Write out every line of the material as it stands, apart from the pictures.

── DATASET CONTENT ──

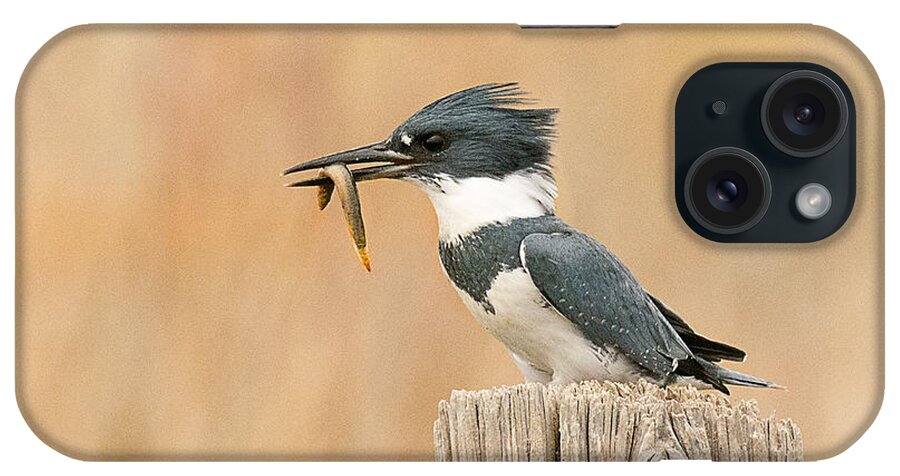 Bird iPhone Case featuring the photograph Male Kingfisher with Fresh Water Eel by Dennis Hammer
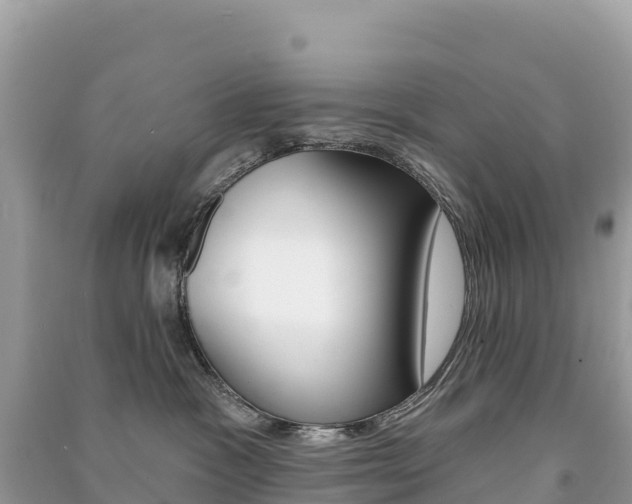 X0000091310333200708101114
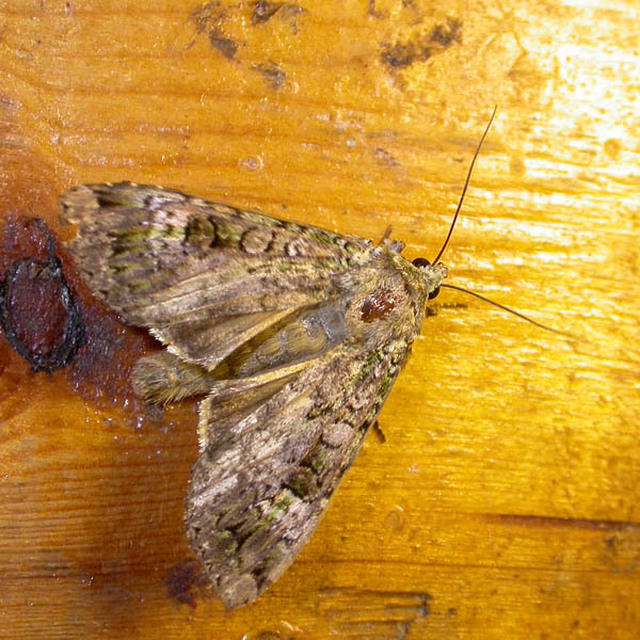 Anaplectoides prasina - zöld hegyibagoly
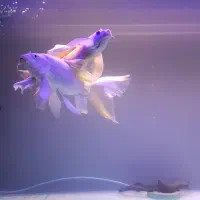 سه تاماهی کوی سوپرباله عروس|ماهی|قم, انصار‌الحسین|دیوار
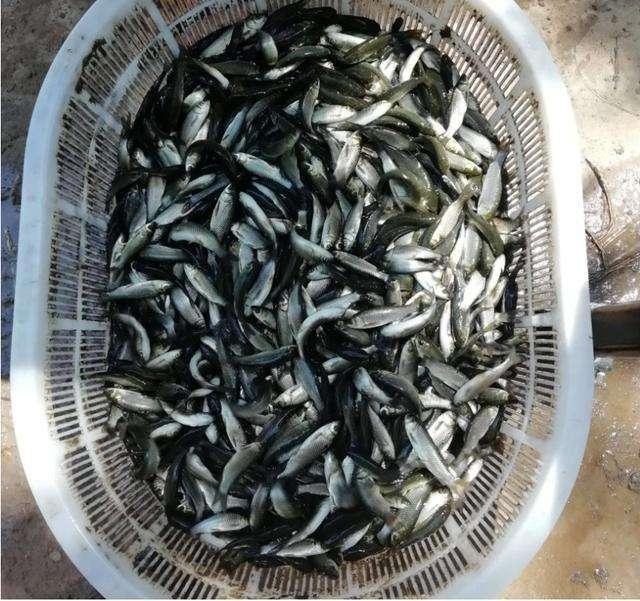 男子花170万湖里养鱼,结果300万鱼苗集体消失,几年后狂赚上亿元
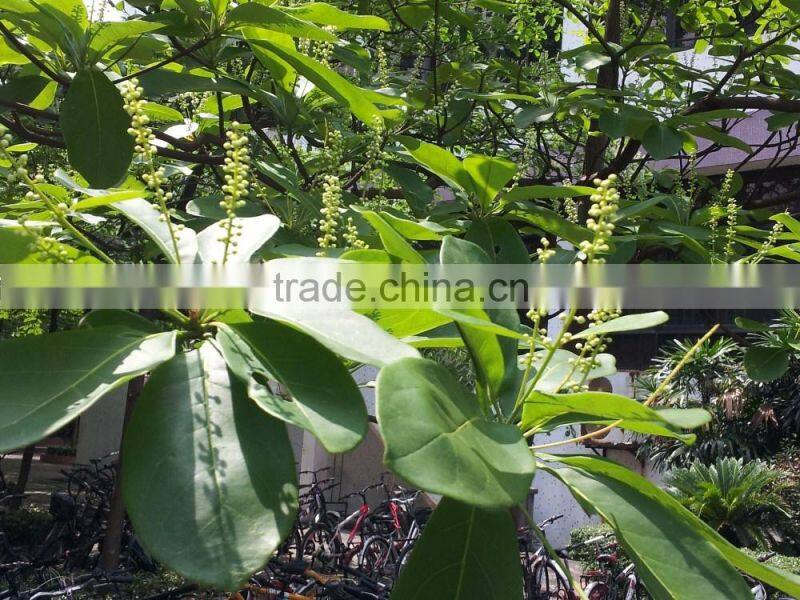 Terminalia catappa L.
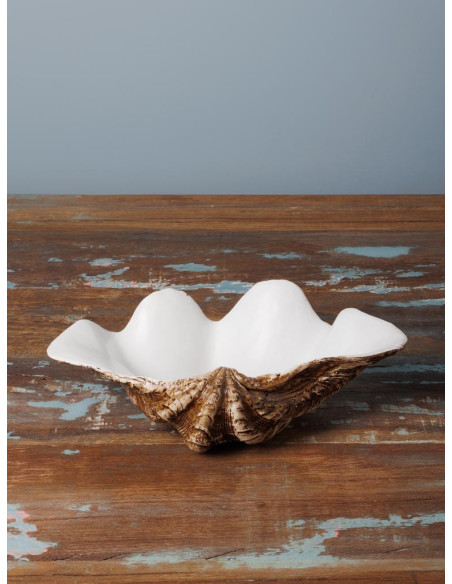 concha decorativa 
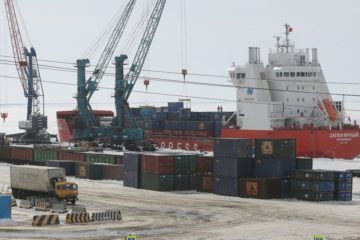 Arctic development to become national project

───

■ RESPONSE ■
 Bird iPhone Case featuring the photograph Male Kingfisher with Fresh Water Eel by Dennis Hammer
 X0000091310333200708101114
 Anaplectoides prasina - zöld hegyibagoly
 سه تاماهی کوی سوپرباله عروس|ماهی|قم, انصار‌الحسین|دیوار
 男子花170万湖里养鱼,结果300万鱼苗集体消失,几年后狂赚上亿元
 Terminalia catappa L.
 concha decorativa 
 Arctic development to become national project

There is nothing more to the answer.